Опять замолчали. Лукаша встал, подошел к сестре, как будто хочет что-то сказать, но она уже, по-видимому, овладела собой и снова вполголоса твердит английскую фразу. Лукаша постоял секунду и вышел во вторую комнату. Посмотрел молча на отца и мать.
Т а т ь я н а А н д р е е в н а. Что Лиза?
Л у к а ш а (пожал плечами). Взяла себя в руки. Сидит, учит английский.
А л е к с е й Л у к и ч (подошел к окну, немного растерянно — его вопрос просто способ что-то сказать). Тебе сейчас не нужна машина?
Л у к а ш а. Да нет…
А л е к с е й Л у к и ч. Да нет… Живешь ты как во сне… Всю жизнь мне хотелось большую семью. Устанешь на работе как следует, по-человечески, придешь домой, сядешь за стол, народу полно, дети, внуки… Все — немного ты. Все идут от тебя, продолжают. Обеспечивают бессмертие. А что толку, что у Лизки мои глаза, а у тебя — мой рост? Обеспечил бессмертие… (Быстро ушел.)
Л у к а ш а. Папа что — хочет уйти от нас?
Т а т ь я н а А н д р е е в н а. Может быть. В конце концов, это его дело. Погуляет — вернется. Или не вернется. Все равно…

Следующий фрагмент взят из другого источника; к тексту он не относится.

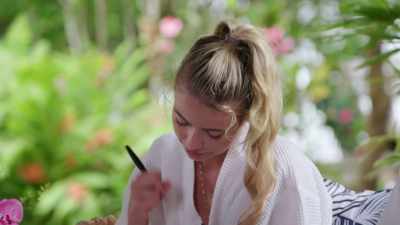 >> I'M LIKE SOMEONE THAT -- I
JUST START IT AND GO THROUGH IT, - Love Island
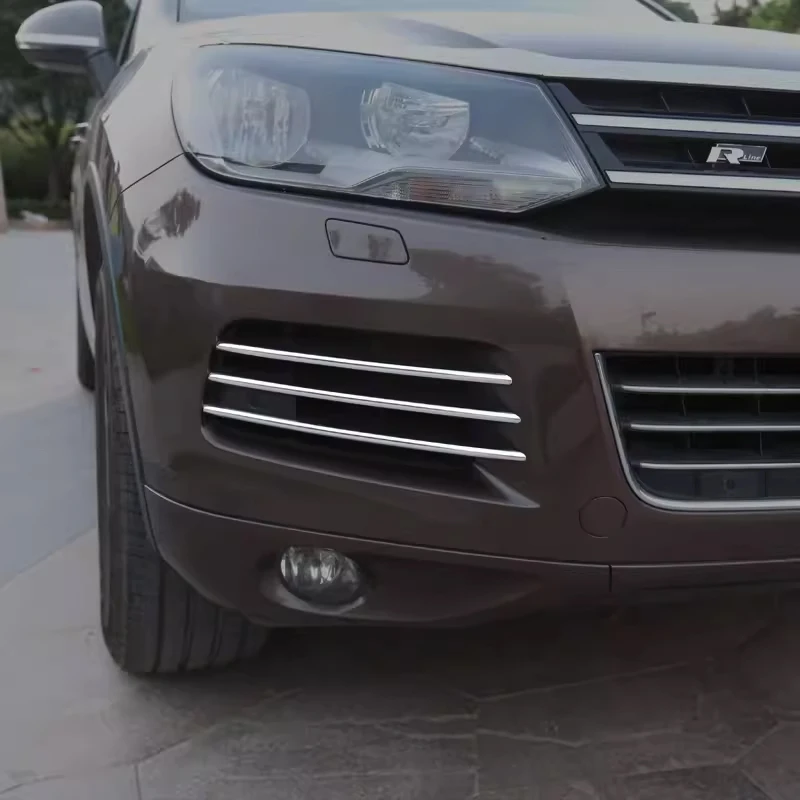 1 zestaw naklejek na wykończenie ze stali nierdzewnej lampy przednie światło przeciwmgłowe samochodu dla VW Touareg 2011-2015 dekoracja świetlna z paskiem przeciwmgielnym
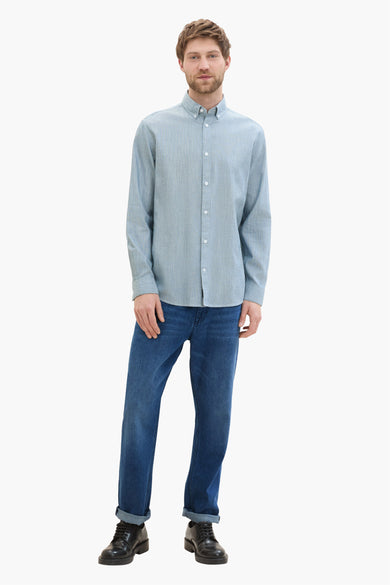 Blauw overhemd met lange mouwen van TOM TAILOR, gedragen met donkere jeans en zwarte schoenen.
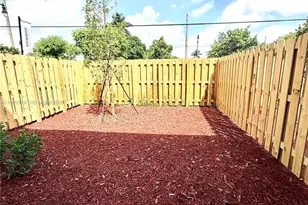 359 NE 16th St, Florida City, FL 33034 - Photo 20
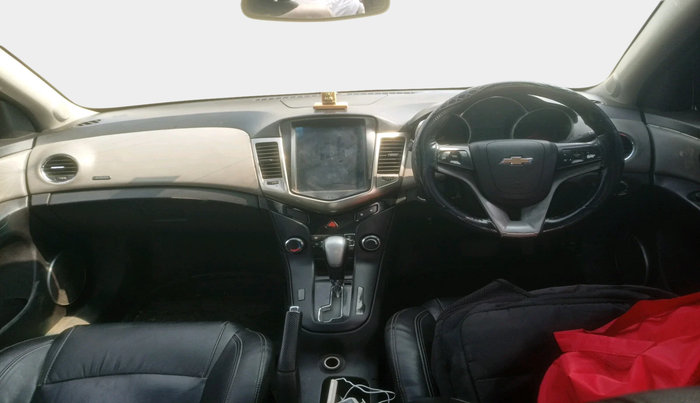 2014 Chevrolet Cruze LTZ AT, Diesel, Automatic, 9,99,999 km, interior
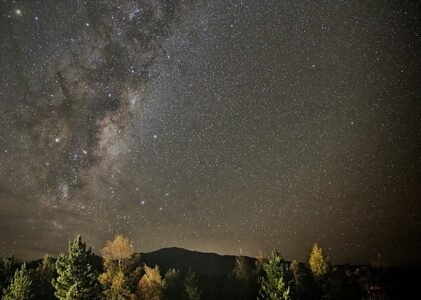 Documental viajeros de las estrellas.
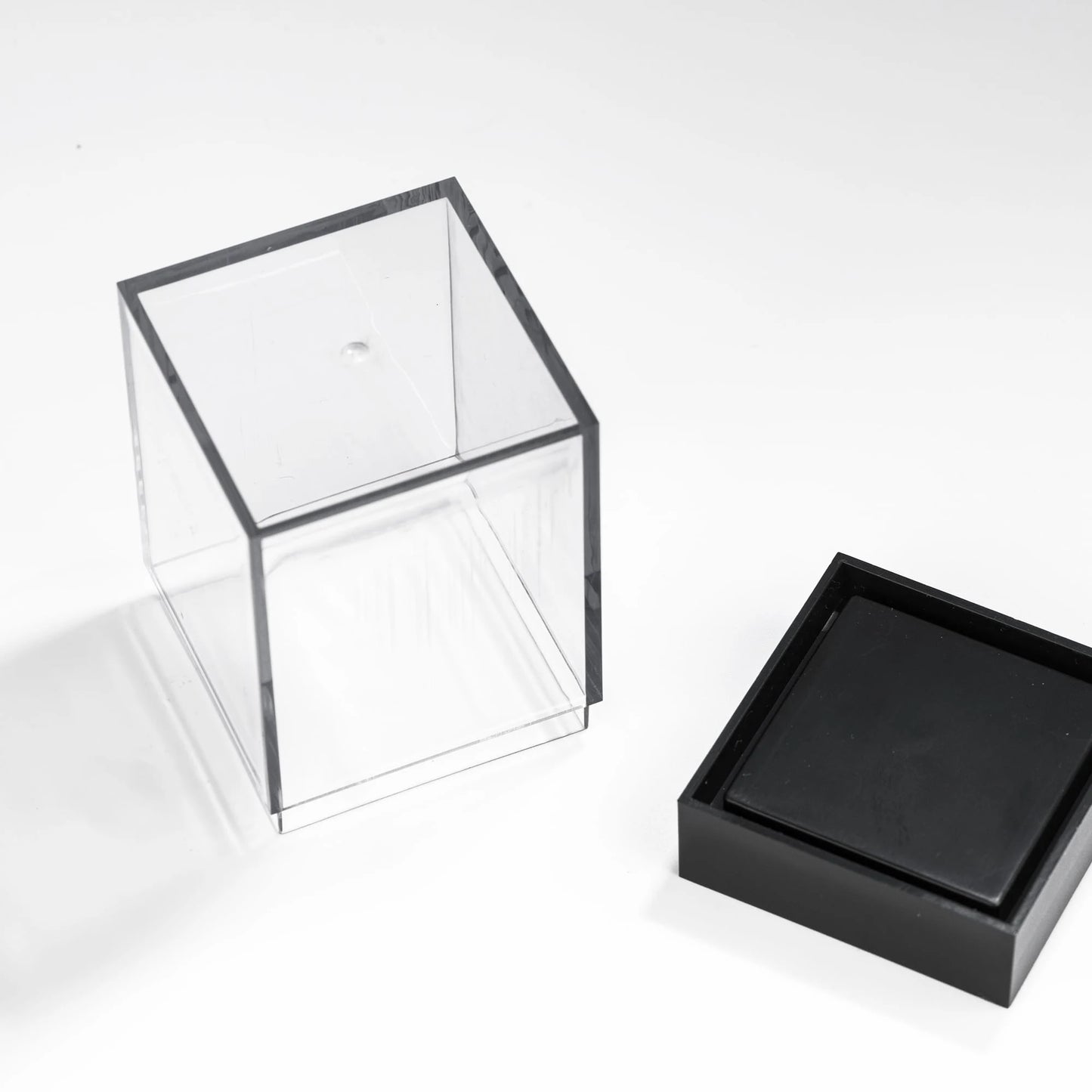 Dice Show Box ,Clear Acrylic Display Case,Black Base Dustproof Protection Model Box,Toy Display Box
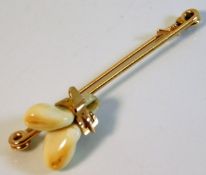 An 18ct three colour gold brooch set with teeth 8.7g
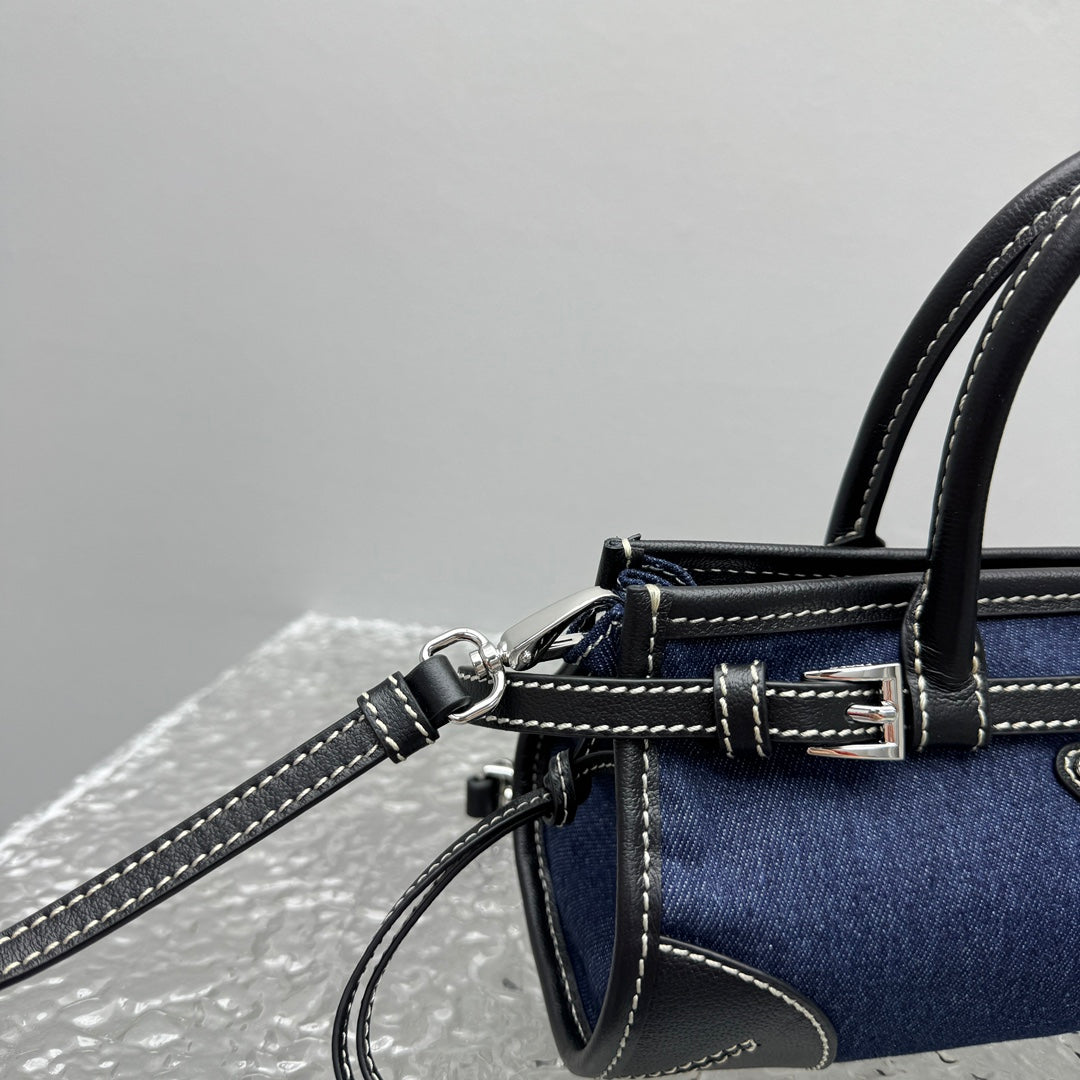 카타 /  프라다 미니 데님 핸드백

Л у к а ш а. Пойду поброжу…
Т а т ь я н а А н д р е е в н а. Опять? Опять явишься ночью?.. Опять веселый? А что дальше? (Пауза.) Ладно, иди. Я уже поняла: людей не переделаешь, ни тебя, ни Лизу, ни отца. Иди.
Лукаша постоял, пошел, потом вдруг обернулся.
Л у к а ш а. А может, нам действительно взять какую-нибудь дворнягу?..
Из соседней комнаты доносится шорох перематывающейся магнитофонной ленты, голос Лизы: «Ай хэв дрымд ту плэй эт Уимблдон», затем — неожиданно — детская английская песенка «Хэа ун гоу раунд тэ талбэри баш»[1].
Еще звучат английские фразы, когда начинается история четвертая.
Не отходя от кассы
С и л ь в а — 30 лет.
Ее м а т ь — за 60 лет.
Т а н я, ее дочь, — подросток.
К и р и л л.
П е р ф и л ь е в С е в а.
Областной центр. За окошечком театральной кассы-киоска сидит К а с с и р ш а, очень миловидная, оживленная. Перед окошечком стоят двое, один побойчее — он ведет разговор, — другой потише. Обычная обстановка театральной кассы, выделяются афиши: «Дом культуры металлистов. Ансамбль цыган. Театрализованное представление», «Драмтеатр. У. Шекспир. Венецианский купец».